Find two square roots for the following complex number. Leave your answers in trigonometric form.25(cos 290° + i sin 290°)

To find the square roots of a complex number in trigonometric form, we use De Moivre's Theorem. The formula for the nth root of a complex number in trigonometric form is:

r^(1/n)[cos((θ+2πk)/n) + i sin((θ+2πk)/n)]

where r is the modulus of the complex number, θ is the argument of the complex number, n is the root you want to find (in this case 2 for square root), and k is an integer from 0 to n-1.

Given the complex number 25(cos 290° + i sin 290°), we have:

r = 25 θ = 290° n = 2

We need to find two square roots, so we will use k = 0 and k = 1.

For k = 0:

root1 = 25^(1/2)[cos((290°+2π0)/2) + i sin((290°+2π0)/2)] root1 = 5[cos(145°) + i sin(145°)]

For k = 1:

root2 = 25^(1/2)[cos((290°+2π1)/2) + i sin((290°+2π1)/2)] root2 = 5[cos(215°) + i sin(215°)]

So, the two square roots of the complex number 25(cos 290° + i sin 290°) in trigonometric form are 5[cos(145°) + i sin(145°)] and 5[cos(215°) + i sin(215°)].

To find the square roots of a complex number in trigonometric form, we use De Moivre's Theorem.

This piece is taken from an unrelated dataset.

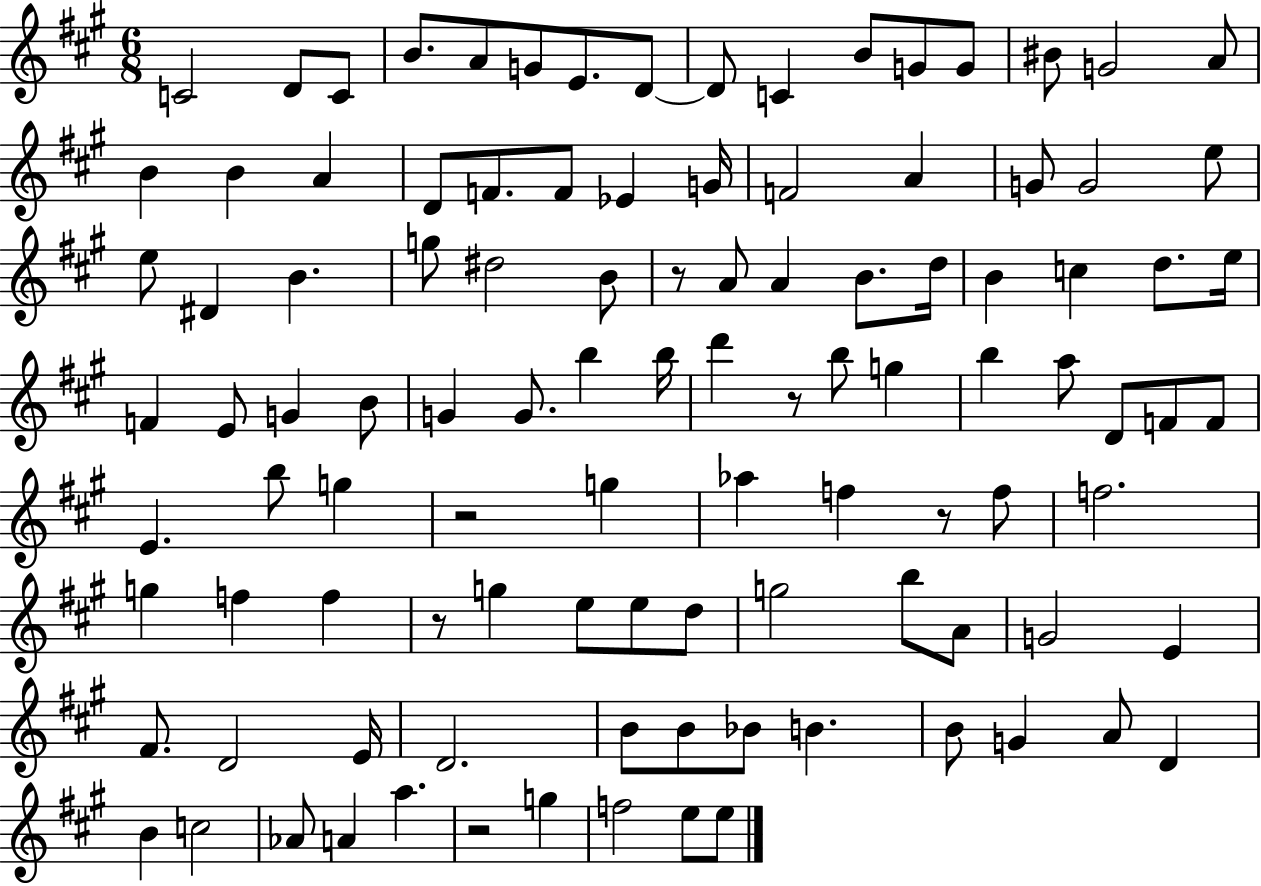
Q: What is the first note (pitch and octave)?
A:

The formula for the nth root of a complex number in trigonometric form is:

r^(1/n)[cos((θ+2kπ)/n) + i sin((θ+2kπ)/n)]

where r is the modulus of the complex number, θ is the argument of the complex number, n is the root you want to find (in this case 2 for square root), and k is an integer from 0 to n-1.

Given the complex number 25(cos 290° + i sin 290°), we have:

r = 25 θ = 290° n = 2

We can find the two square roots by plugging these values into the formula for k=0 and k=1.

For k=0:

25^(1/2)[cos((290°+20π)/2) + i sin((290°+20π)/2)] = 5[cos(145°) + i sin(145°)]

For k=1:

25^(1/2)[cos((290°+21π)/2) + i sin((290°+21π)/2)] = 5[cos(215°) + i sin(215°)]

So, the two square roots of the complex number 25(cos 290° + i sin 290°) are 5[cos(145°) + i sin(145°)] and 5[cos(215°) + i sin(215°)].